HB 2808 (VanDeaver) prohibits TEA from auditing, investigating, or modifying the academic or financial accountability ratings of schools after final ratings have been released. Rep. VanDeaver explained this bill is the result of a situation in which a district received an A rating, publicly celebrated its move from a C to an A, then TEA called certain data into question but ultimately decided that no error had occurred and the district had indeed earned an A. Maud ISD Superintendent Chris Bradshaw testified that this happened in his district, “putting the district in a bad situation with the community” for several months while the issue was being resolved. Rep. Hinojosa asked VanDeaver if this bill precludes TEA from correcting a rating that should have been higher. He said the bill won’t prevent districts from using the regular appeal process. Another committee member suggested that language be added to the bill to ensure that couldn’t happen. The bill was left pending.

HB 4375 (VanDeaver) allows TEA to accept donations for providing instruction and assisting districts in providing instruction in CPR and the use of an automated external defibrillator (AED) to students. The bill requires the SBOE to require instruction on CPR and use of AEDs for students in grades 7-12. It was left pending.

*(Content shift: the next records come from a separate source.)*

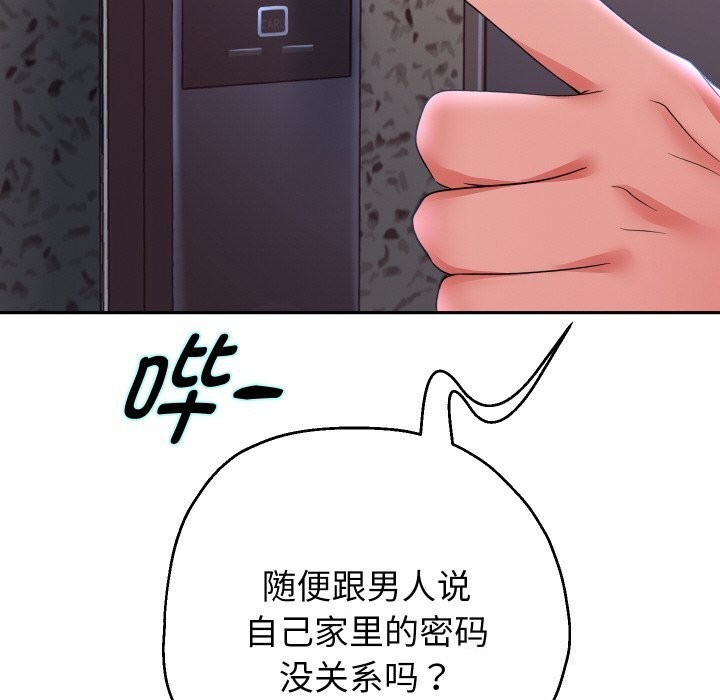 重生之长枪无敌第74話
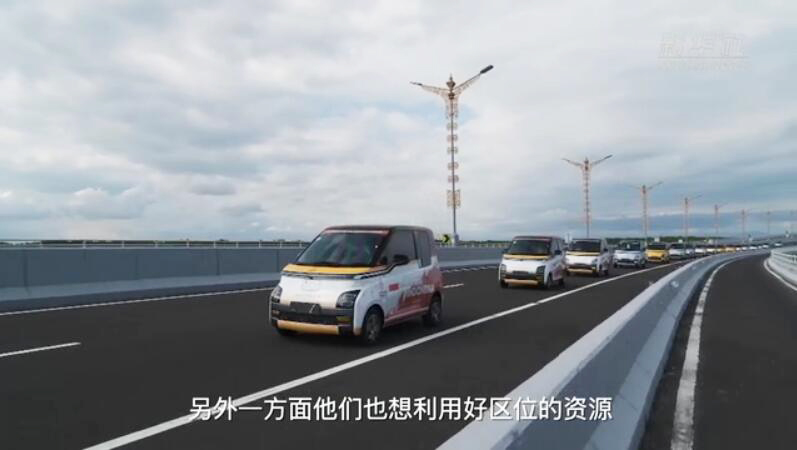 سيارات الطاقة الجديدة الصينية توفر ضمان التنقل في قمة مجموعة العشرين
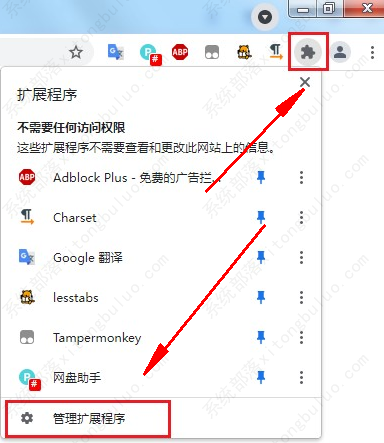 谷歌浏览器允许在无痕模式中使用扩展程序教程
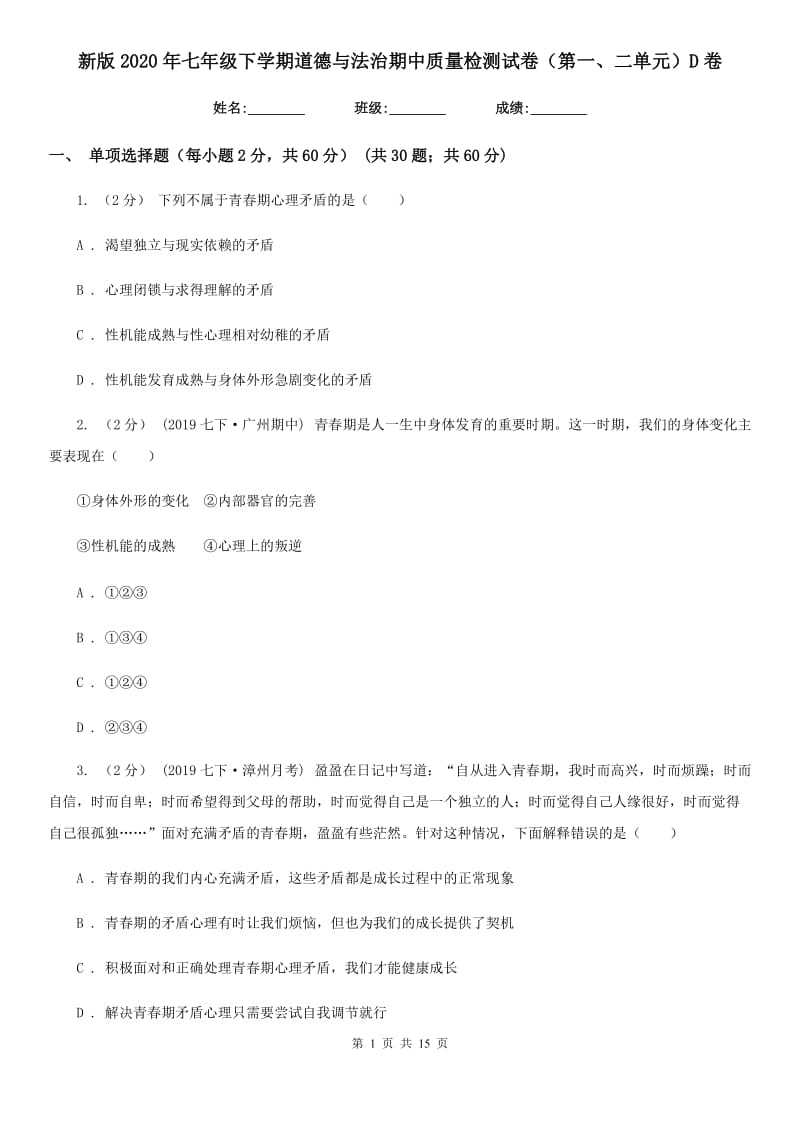 新版2020年七年级下学期道德与法治期中质量检测试卷（第一、二单元）D卷_第1页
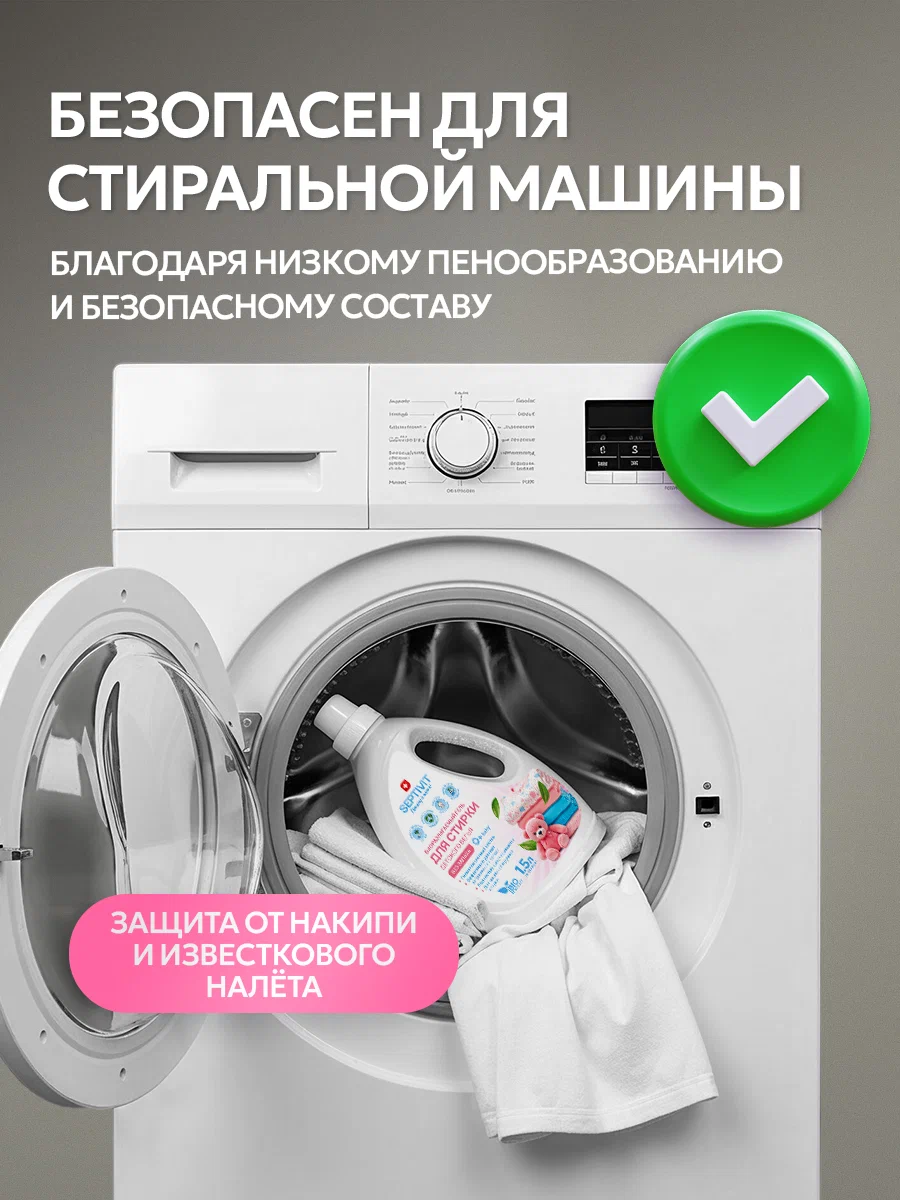 Гель для стирки SEPTIVIT детский без запаха 0+ 1.5 л - фото 8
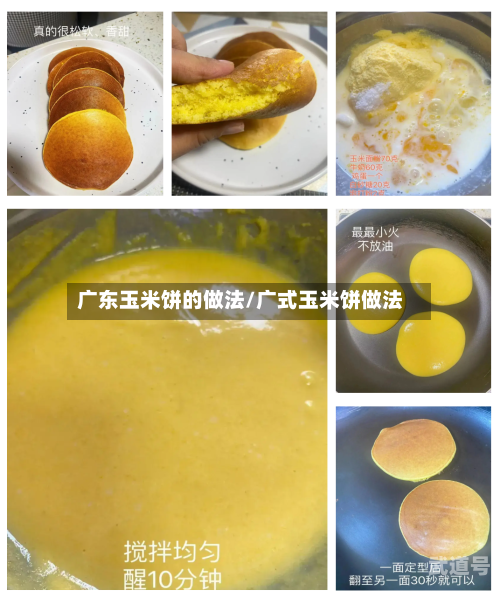 广东玉米饼的做法/广式玉米饼做法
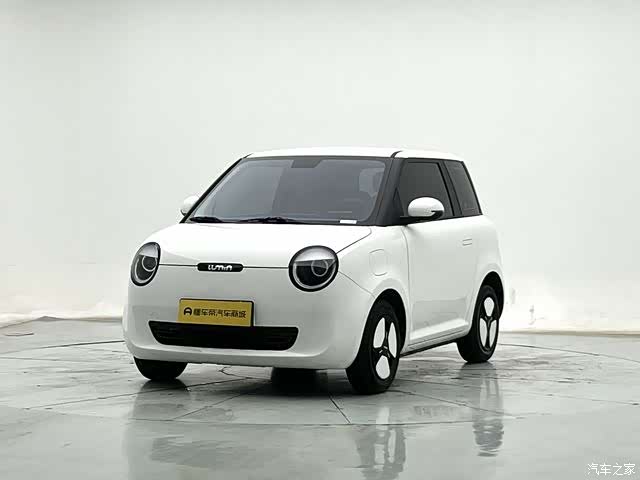 Changan Lumin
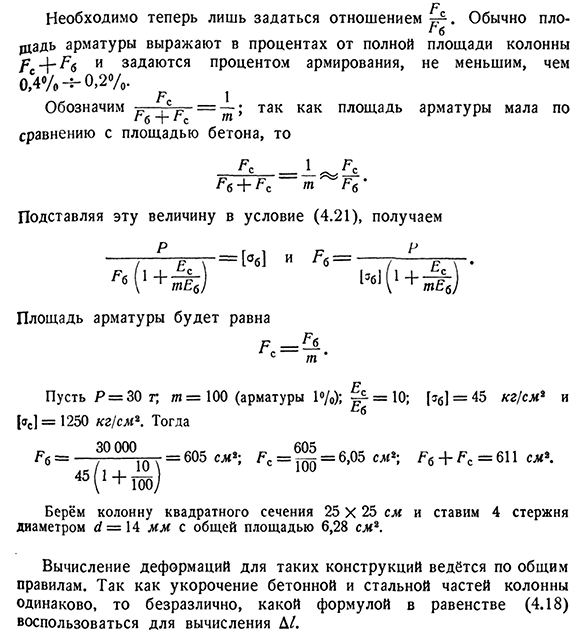 Расчёт на растяжение и сжатие стержней, состоящих из разнородных материалов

HB 2120 (Keith Bell, et al.) permits a public secondary school licensed to operate a school for barbering and cosmetology to operate an establishment on the same campus as the school and would permit the school to employ a person who holds an individual permit or student permit. Bell laid out a subsitute bill that he said removes unnecessary exemptions to allow them to exist on the same campus. A representative of Huckabee Architects testified in support of the bill, which was left pending.

HB 3315 (Keith Bell, et al.) specifies components of a grievance procedure adopted by a board of trustees to address complaints concerning violations of the laws governing parental rights and responsibilities. A grievance procedure must allow: a parent’s complaint to be filed in writing with the school principal; the parent to appeal on written request to the superintendent or their designee; and an appeal to the board. If those three steps fail to grant relief, the board must notify the parent of their right to appeal to the commissioner. TEA is required to adopt a model grievance procedure that does not include a time period within which a parent may file a complaint. Rep. Bell said that district policies aren’t written to ensure parent grievances are handled in a timely manner and that this bill codifies a timeline by which they must process grievances and details what must be included in the process. He said the bill requires districts to provide for a resolution to the grieved situation within 120 calendar days, including the board’s final decision and disposition. If a district can’t do this in 120 days, under this bill, they must decide in favor of the parent. Testimony by at least one parent went beyond the scope of the bill, asking the committee to “strengthen the grievance process” beyond adding a timeline and requiring the involvement of an impartial ombudsman. This parent also asked that charters be required to have the same grievance processes as traditional public schools. The bill was left pending.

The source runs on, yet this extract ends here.